======== INPUT DATA
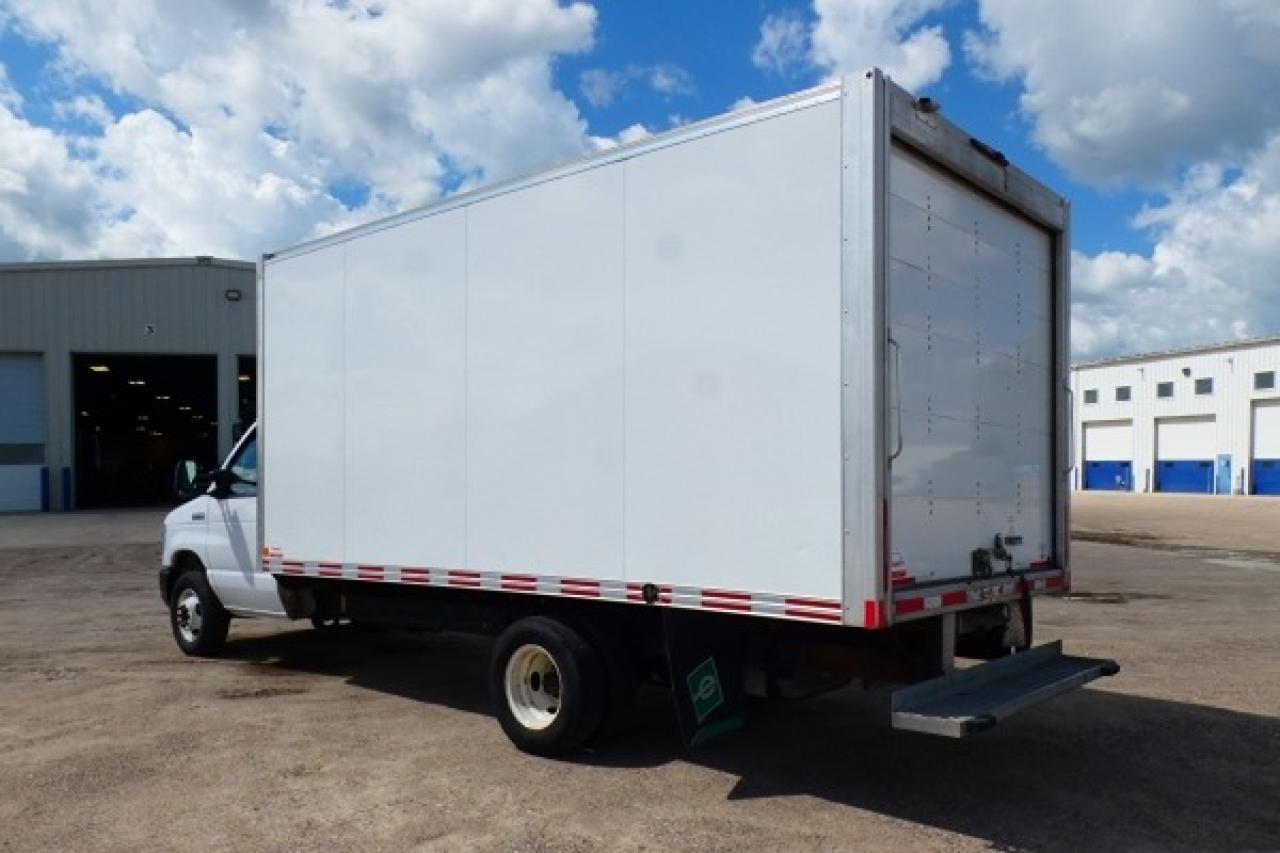 2024 Ford E-450 CUBE VAN DRW w/BUC - Photo #8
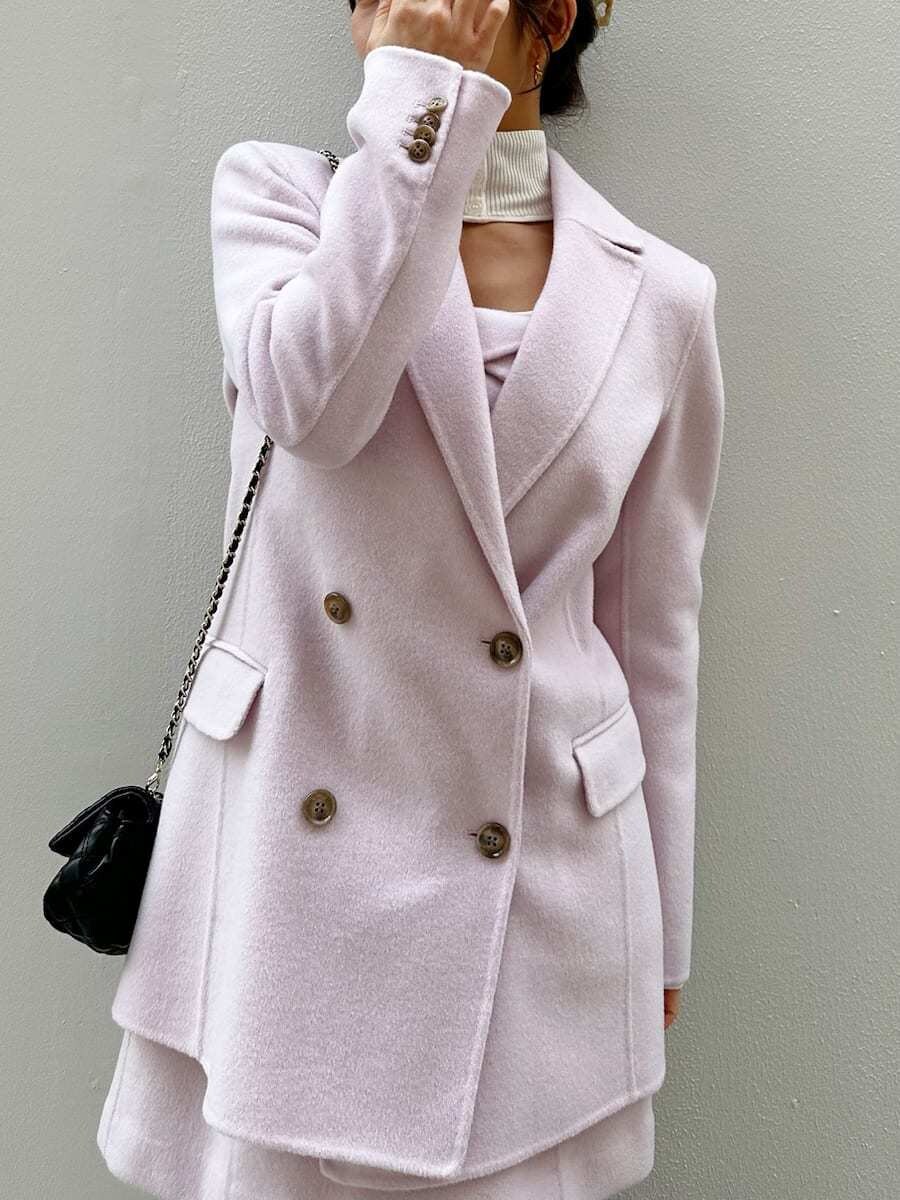 ピンク系のワンピース、ピンク系のテーラードジャケット、ブラック系のニット/セーターを着用したレディースの秋コーディネートの9枚目の写真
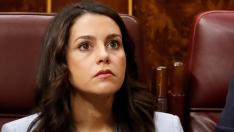 Inés Arrimadas, en un momento del discurso de Sánchez, en la primera jornada del debate de investidura.
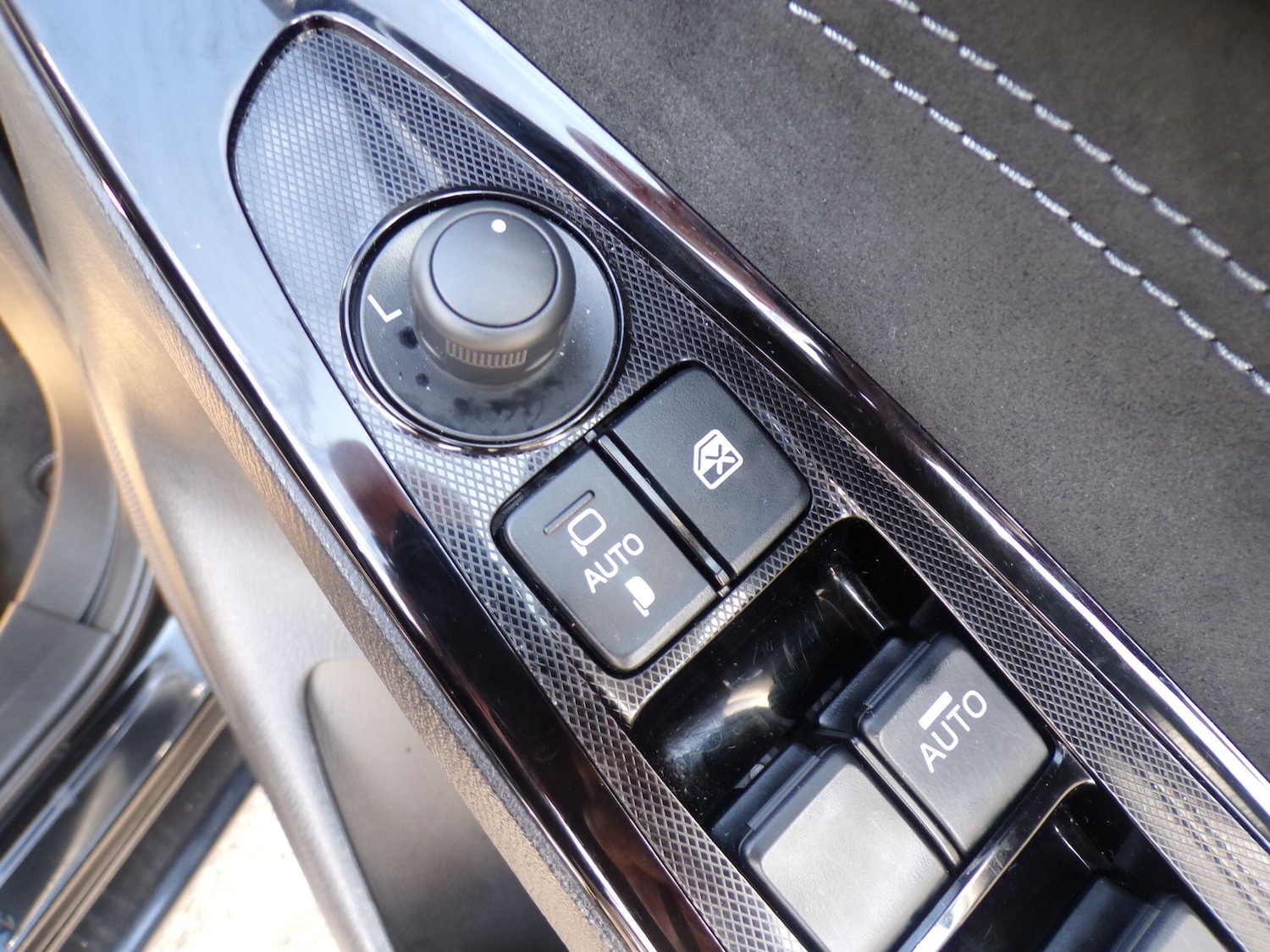 Used Mazda Mazda2 for sale - 77267865: Photo 13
================
### TO DO
Output the listing above exactly, but leave its pictures behind.

### EXERCISE ANSWER
 2024 Ford E-450 CUBE VAN DRW w/BUC - Photo #8
 ピンク系のワンピース、ピンク系のテーラードジャケット、ブラック系のニット/セーターを着用したレディースの秋コーディネートの9枚目の写真
 Inés Arrimadas, en un momento del discurso de Sánchez, en la primera jornada del debate de investidura.
 Used Mazda Mazda2 for sale - 77267865: Photo 13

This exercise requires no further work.